[Items from a dataset]

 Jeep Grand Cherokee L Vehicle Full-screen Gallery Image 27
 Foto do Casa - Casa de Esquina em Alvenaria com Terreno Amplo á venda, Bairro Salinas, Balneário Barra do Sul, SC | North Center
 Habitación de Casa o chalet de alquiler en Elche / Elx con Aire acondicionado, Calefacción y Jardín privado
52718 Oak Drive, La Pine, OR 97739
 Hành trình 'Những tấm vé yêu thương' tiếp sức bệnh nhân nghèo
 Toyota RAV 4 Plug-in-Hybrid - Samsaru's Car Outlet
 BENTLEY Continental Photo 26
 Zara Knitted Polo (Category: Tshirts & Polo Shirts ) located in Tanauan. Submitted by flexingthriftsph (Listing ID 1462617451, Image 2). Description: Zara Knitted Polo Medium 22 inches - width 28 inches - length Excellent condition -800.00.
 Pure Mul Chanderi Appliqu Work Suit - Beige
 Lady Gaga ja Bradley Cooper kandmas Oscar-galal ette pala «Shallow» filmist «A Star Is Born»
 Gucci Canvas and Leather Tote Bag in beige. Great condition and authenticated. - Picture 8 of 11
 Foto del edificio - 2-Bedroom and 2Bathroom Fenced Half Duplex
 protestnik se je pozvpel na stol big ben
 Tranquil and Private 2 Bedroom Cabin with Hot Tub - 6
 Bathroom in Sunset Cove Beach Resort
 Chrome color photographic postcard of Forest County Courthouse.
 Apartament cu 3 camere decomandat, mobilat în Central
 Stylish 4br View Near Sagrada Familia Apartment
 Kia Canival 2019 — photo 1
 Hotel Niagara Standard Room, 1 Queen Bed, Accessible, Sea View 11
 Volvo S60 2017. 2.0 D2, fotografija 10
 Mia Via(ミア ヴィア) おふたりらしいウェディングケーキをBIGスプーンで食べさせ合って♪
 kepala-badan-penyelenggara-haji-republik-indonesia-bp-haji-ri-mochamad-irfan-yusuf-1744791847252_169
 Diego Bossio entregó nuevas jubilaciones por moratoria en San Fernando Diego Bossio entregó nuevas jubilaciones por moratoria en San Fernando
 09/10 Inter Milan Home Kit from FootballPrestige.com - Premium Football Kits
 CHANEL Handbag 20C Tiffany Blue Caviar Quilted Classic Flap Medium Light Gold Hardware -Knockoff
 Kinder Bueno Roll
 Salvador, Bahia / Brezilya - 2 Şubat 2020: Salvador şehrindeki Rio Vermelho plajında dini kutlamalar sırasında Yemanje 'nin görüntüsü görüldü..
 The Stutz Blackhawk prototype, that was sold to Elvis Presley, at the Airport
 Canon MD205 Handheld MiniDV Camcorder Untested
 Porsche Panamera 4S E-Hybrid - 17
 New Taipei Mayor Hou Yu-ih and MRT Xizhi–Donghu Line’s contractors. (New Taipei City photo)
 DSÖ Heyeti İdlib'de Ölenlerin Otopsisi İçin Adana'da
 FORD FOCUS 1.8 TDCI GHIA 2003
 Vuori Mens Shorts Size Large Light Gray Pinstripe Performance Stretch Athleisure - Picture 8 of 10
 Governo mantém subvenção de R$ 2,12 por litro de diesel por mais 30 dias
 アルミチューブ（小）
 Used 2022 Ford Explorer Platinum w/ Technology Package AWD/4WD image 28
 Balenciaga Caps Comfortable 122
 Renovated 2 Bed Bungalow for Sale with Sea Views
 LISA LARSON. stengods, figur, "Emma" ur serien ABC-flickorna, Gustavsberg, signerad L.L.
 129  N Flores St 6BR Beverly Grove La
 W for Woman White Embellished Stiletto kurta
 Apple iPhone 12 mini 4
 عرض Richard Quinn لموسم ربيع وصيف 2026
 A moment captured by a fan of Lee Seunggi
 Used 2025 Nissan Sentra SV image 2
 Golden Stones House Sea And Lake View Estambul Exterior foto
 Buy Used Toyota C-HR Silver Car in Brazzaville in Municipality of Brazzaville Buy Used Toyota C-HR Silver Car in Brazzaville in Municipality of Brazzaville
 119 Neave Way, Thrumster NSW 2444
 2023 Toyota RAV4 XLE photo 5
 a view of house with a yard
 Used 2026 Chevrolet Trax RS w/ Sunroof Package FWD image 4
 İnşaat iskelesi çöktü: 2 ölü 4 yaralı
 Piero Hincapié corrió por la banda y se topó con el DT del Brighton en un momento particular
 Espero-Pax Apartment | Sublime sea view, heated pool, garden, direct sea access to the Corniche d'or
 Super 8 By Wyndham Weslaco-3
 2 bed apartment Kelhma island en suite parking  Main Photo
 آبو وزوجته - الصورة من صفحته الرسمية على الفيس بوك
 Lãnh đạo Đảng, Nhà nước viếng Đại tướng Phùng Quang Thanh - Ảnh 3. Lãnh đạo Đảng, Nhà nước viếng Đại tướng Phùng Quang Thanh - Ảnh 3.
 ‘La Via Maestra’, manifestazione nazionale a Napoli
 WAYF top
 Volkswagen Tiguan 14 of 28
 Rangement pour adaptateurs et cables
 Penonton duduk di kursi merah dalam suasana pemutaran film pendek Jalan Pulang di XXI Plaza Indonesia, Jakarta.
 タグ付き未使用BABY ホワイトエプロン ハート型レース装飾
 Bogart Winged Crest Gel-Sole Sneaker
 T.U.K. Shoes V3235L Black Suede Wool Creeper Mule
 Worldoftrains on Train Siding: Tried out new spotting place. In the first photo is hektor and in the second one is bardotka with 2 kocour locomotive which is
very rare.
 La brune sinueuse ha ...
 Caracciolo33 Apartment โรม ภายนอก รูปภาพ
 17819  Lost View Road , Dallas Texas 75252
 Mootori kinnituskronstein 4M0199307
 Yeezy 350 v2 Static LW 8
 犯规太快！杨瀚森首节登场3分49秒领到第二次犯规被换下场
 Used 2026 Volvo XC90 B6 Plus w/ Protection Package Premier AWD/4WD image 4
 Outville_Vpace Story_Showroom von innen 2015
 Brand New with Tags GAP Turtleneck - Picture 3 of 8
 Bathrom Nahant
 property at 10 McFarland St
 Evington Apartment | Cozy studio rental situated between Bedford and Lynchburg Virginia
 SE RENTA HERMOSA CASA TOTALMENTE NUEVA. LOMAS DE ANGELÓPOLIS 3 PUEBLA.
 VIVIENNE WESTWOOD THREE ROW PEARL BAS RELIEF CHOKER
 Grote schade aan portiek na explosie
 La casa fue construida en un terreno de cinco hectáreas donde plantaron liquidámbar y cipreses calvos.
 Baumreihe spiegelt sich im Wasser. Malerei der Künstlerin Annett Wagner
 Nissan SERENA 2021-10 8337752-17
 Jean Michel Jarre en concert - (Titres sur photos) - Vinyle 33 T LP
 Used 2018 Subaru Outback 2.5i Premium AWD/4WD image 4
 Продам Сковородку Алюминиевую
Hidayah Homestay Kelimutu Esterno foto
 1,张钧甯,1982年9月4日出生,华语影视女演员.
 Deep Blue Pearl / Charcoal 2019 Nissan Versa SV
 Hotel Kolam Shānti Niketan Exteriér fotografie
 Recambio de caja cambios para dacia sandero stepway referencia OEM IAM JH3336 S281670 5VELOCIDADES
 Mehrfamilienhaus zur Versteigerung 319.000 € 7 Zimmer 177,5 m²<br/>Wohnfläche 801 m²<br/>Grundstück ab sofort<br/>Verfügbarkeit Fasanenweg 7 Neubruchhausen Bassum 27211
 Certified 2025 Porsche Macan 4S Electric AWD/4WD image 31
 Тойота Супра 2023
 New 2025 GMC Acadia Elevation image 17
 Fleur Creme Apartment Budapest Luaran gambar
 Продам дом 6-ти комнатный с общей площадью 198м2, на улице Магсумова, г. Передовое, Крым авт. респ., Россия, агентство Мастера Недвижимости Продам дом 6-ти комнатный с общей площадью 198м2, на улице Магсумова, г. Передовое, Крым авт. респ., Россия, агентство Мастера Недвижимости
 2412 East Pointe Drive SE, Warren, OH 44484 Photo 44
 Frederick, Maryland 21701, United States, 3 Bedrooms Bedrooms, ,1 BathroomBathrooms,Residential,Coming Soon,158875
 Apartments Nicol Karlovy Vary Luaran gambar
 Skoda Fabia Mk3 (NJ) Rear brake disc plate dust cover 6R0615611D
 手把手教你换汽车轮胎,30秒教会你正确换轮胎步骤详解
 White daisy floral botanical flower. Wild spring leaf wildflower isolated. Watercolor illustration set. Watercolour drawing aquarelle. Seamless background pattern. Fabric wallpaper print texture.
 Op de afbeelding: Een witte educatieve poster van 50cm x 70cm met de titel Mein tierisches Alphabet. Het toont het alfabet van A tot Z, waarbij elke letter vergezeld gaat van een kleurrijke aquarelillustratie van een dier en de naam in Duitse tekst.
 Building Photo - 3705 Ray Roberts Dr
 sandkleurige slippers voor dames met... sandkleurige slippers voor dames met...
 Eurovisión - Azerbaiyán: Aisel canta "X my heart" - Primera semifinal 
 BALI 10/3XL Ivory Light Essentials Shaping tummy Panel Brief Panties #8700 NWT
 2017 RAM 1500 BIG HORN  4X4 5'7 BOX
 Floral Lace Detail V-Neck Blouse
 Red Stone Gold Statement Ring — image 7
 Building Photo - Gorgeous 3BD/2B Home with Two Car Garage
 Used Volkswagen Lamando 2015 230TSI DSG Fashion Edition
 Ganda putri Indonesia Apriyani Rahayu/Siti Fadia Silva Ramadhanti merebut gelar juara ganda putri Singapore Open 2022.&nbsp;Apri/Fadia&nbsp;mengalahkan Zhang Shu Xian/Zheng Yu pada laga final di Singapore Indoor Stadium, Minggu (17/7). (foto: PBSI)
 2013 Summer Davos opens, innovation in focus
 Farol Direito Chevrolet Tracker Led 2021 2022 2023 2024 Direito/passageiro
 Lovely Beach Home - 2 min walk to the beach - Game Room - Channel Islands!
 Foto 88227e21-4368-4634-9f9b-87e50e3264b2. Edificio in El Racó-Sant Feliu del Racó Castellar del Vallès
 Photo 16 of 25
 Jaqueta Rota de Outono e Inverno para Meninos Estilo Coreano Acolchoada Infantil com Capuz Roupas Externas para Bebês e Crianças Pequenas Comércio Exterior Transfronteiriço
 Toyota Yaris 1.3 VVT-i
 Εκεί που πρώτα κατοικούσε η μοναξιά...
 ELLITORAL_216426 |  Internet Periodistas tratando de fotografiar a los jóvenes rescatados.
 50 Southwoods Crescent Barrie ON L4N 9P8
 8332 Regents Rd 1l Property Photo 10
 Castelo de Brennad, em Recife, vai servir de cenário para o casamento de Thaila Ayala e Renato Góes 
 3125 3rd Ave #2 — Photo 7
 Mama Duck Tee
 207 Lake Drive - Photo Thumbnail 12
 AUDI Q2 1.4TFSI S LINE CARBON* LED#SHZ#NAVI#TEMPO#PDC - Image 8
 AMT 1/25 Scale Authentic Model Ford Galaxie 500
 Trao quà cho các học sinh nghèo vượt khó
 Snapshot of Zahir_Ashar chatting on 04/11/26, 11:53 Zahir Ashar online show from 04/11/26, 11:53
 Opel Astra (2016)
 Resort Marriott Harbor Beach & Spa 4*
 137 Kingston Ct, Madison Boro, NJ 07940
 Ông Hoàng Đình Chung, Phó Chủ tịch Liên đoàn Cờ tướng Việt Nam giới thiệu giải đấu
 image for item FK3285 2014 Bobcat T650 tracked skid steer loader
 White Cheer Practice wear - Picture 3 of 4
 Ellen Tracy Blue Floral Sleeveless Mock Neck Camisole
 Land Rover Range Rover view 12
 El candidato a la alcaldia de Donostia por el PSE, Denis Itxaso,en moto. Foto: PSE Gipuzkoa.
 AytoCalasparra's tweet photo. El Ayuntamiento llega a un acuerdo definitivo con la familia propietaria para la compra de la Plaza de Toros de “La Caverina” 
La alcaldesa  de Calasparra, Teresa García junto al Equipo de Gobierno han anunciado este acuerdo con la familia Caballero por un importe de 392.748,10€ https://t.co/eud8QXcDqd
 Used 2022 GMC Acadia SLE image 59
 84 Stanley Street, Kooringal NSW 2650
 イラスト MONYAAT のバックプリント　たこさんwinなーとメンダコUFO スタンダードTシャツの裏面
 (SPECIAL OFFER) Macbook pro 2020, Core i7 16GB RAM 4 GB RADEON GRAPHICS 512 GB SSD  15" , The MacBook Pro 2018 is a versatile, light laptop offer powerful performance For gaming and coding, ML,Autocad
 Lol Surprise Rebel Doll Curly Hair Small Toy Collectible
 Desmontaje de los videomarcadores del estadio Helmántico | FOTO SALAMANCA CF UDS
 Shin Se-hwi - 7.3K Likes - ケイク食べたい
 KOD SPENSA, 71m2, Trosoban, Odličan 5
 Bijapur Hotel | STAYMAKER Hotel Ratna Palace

**Task statement**
Above are the records. Copy the lines beginning at the one that has "protestnik se je pozvpel na stol big ben" and ending with the one that has "The Stutz Blackhawk", unchanged.

**Written response**
 protestnik se je pozvpel na stol big ben
 Tranquil and Private 2 Bedroom Cabin with Hot Tub - 6
 Bathroom in Sunset Cove Beach Resort
 Chrome color photographic postcard of Forest County Courthouse.
 Apartament cu 3 camere decomandat, mobilat în Central
 Stylish 4br View Near Sagrada Familia Apartment
 Kia Canival 2019 — photo 1
 Hotel Niagara Standard Room, 1 Queen Bed, Accessible, Sea View 11
 Volvo S60 2017. 2.0 D2, fotografija 10
 Mia Via(ミア ヴィア) おふたりらしいウェディングケーキをBIGスプーンで食べさせ合って♪
 kepala-badan-penyelenggara-haji-republik-indonesia-bp-haji-ri-mochamad-irfan-yusuf-1744791847252_169
 Diego Bossio entregó nuevas jubilaciones por moratoria en San Fernando Diego Bossio entregó nuevas jubilaciones por moratoria en San Fernando
 09/10 Inter Milan Home Kit from FootballPrestige.com - Premium Football Kits
 CHANEL Handbag 20C Tiffany Blue Caviar Quilted Classic Flap Medium Light Gold Hardware -Knockoff
 Kinder Bueno Roll
 Salvador, Bahia / Brezilya - 2 Şubat 2020: Salvador şehrindeki Rio Vermelho plajında dini kutlamalar sırasında Yemanje 'nin görüntüsü görüldü..
 The Stutz Blackhawk prototype, that was sold to Elvis Presley, at the Airport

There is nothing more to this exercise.